Dataset records:
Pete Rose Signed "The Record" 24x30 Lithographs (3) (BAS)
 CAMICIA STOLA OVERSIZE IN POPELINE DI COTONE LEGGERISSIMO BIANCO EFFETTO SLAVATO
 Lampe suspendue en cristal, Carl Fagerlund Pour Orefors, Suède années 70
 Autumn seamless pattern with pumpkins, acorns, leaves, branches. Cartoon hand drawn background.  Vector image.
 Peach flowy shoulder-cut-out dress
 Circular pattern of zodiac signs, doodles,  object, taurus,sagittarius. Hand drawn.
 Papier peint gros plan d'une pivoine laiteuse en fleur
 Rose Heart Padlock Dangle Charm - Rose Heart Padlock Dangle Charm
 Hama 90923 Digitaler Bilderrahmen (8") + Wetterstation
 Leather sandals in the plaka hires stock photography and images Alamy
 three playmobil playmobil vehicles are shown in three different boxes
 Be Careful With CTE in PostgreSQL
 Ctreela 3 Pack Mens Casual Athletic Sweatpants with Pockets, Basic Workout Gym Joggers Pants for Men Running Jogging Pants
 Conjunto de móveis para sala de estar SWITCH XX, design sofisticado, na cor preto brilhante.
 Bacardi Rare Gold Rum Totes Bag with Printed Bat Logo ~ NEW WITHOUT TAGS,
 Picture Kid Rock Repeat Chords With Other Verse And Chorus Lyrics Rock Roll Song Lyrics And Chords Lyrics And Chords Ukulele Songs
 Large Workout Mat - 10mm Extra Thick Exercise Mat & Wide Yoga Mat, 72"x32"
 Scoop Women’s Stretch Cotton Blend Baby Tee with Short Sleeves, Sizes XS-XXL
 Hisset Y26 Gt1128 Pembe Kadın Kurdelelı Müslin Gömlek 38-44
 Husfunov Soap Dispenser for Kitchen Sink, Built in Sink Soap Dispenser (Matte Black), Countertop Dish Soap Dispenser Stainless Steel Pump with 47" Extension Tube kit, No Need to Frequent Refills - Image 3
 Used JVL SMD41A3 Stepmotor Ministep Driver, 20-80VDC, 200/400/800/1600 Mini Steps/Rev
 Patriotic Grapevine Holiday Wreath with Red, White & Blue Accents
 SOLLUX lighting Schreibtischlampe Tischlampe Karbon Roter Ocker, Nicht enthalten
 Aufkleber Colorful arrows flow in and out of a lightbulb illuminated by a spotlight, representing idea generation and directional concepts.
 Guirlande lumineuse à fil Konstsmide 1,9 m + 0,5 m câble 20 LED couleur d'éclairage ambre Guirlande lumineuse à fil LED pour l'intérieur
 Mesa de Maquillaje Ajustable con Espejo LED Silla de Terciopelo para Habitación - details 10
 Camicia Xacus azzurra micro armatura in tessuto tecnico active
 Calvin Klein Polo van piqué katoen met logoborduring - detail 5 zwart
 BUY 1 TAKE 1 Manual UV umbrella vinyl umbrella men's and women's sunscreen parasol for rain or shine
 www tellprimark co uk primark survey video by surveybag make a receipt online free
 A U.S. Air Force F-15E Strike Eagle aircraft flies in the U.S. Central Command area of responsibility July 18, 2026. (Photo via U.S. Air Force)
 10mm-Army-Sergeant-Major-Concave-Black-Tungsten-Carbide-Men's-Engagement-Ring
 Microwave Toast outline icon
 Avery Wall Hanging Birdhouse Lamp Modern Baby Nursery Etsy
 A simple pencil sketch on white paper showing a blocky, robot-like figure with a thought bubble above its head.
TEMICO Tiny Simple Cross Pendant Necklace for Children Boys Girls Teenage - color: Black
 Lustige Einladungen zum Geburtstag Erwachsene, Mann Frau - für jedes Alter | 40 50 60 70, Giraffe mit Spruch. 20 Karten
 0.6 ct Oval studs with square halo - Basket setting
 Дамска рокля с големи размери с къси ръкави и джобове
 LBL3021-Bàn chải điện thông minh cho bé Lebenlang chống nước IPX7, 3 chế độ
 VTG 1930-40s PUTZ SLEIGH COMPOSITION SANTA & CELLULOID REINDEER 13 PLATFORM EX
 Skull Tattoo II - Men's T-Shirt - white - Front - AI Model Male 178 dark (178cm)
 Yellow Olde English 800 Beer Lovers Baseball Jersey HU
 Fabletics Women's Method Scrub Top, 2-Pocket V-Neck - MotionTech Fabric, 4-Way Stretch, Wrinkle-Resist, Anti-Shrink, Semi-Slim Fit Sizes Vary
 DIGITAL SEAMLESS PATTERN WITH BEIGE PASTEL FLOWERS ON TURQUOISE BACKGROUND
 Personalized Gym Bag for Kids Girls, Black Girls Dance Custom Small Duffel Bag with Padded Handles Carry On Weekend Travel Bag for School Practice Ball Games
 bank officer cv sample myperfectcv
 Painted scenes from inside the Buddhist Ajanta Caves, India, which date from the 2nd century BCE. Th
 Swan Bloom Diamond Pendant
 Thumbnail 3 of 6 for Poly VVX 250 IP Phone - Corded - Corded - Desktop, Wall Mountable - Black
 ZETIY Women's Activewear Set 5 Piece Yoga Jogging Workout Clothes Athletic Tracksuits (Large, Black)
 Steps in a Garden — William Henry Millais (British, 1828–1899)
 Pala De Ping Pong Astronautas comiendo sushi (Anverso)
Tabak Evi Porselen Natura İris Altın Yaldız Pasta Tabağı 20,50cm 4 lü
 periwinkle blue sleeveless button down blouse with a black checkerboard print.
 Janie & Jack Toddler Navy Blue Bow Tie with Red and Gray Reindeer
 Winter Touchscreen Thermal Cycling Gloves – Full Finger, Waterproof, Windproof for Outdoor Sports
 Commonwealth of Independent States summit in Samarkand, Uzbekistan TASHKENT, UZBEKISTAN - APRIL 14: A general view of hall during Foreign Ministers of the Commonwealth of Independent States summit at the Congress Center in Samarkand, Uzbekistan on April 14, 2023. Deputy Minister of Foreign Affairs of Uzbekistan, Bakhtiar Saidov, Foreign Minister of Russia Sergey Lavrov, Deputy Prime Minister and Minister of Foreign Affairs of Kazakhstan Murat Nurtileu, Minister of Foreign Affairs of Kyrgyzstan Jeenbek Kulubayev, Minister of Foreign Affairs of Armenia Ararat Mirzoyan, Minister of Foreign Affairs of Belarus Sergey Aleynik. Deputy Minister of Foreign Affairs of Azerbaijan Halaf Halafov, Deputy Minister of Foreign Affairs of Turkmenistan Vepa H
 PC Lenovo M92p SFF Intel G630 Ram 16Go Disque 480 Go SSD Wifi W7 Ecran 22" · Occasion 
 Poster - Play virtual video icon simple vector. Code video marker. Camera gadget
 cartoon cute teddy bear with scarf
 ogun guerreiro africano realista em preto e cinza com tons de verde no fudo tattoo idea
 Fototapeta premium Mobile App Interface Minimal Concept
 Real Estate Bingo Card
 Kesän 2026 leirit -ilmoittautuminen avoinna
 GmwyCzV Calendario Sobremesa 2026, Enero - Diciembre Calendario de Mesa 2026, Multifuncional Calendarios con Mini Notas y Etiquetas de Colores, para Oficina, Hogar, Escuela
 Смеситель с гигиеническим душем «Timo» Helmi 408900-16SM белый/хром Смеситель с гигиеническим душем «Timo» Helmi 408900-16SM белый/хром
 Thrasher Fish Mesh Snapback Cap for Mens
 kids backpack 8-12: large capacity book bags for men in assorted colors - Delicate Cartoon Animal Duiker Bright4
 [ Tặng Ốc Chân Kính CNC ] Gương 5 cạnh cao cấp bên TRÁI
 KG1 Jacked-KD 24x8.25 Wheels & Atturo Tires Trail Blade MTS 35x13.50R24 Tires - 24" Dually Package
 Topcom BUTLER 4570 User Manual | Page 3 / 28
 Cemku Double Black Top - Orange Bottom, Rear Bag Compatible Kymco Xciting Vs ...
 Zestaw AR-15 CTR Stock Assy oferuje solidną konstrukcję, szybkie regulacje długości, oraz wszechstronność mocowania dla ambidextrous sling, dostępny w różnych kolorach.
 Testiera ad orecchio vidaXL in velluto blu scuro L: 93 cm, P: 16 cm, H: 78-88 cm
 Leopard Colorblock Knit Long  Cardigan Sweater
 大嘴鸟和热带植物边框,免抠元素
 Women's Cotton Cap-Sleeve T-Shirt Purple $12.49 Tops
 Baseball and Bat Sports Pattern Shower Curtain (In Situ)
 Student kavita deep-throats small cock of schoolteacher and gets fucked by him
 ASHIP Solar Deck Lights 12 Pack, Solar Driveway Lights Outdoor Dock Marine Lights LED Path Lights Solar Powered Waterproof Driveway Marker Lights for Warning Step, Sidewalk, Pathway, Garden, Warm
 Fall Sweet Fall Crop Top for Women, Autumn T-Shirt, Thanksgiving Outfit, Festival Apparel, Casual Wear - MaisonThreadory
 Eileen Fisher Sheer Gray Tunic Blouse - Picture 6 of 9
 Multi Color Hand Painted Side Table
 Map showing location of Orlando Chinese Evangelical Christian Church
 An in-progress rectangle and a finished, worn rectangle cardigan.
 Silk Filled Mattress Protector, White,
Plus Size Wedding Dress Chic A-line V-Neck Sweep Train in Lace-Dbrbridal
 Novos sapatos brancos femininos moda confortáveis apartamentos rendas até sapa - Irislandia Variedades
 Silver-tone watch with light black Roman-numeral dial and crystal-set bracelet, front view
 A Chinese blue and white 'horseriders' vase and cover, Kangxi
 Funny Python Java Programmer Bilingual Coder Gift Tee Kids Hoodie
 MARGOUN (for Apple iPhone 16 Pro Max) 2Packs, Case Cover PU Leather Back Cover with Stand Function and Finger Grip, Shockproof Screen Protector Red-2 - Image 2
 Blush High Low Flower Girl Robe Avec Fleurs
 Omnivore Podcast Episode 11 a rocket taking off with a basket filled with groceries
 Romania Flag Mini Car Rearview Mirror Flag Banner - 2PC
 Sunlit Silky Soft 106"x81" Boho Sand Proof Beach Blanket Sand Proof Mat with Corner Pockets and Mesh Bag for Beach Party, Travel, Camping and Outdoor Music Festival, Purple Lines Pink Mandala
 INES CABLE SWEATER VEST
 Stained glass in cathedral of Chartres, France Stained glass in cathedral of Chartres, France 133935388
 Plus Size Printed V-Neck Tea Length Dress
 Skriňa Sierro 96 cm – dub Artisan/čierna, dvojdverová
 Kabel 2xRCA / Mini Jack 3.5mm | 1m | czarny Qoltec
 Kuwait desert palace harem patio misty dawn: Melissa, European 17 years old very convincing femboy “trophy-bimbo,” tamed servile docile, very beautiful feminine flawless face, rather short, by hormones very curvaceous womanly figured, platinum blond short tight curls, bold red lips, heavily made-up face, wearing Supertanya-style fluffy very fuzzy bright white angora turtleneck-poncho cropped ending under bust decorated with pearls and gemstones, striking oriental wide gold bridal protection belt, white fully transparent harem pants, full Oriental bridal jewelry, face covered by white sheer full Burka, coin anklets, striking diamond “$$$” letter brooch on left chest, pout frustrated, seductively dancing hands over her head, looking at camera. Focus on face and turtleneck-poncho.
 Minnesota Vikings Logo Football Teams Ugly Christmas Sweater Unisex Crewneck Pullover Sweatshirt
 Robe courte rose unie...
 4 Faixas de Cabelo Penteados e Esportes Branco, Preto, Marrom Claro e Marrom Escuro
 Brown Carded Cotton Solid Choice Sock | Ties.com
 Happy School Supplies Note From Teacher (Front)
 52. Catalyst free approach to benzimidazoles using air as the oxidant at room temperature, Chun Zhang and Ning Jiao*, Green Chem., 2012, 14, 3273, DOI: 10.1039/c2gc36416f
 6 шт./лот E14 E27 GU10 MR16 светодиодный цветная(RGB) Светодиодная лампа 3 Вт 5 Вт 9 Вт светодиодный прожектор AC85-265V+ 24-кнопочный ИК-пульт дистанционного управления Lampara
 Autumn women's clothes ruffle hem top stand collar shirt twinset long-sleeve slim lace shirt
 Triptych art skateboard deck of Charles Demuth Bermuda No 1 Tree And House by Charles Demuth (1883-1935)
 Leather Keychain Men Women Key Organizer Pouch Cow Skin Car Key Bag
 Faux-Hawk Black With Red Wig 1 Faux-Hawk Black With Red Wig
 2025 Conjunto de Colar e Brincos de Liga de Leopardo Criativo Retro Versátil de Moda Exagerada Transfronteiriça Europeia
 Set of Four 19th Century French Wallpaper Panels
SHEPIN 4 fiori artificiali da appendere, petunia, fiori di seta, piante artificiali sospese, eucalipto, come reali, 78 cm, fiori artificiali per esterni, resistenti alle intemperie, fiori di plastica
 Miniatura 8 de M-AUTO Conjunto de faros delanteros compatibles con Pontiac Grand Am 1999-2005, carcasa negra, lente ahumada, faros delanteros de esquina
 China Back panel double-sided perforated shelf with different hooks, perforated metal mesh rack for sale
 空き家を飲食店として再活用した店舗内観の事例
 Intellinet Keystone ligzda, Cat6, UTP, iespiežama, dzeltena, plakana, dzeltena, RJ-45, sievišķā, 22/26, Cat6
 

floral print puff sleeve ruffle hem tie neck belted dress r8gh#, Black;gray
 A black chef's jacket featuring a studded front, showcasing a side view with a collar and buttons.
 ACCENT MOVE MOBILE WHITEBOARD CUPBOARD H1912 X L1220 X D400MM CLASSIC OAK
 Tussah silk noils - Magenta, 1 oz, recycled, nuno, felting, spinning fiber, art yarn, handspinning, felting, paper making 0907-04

### EXERCISE REQUIREMENTS
Write out only the lines that run from the line containing "Stained glass in cathedral of Chartres, France Stained" through the line containing "Kabel 2xRCA /", both included, exactly as they appear above.

### EXERCISE RESULT
 Stained glass in cathedral of Chartres, France Stained glass in cathedral of Chartres, France 133935388
 Plus Size Printed V-Neck Tea Length Dress
 Skriňa Sierro 96 cm – dub Artisan/čierna, dvojdverová
 Kabel 2xRCA / Mini Jack 3.5mm | 1m | czarny Qoltec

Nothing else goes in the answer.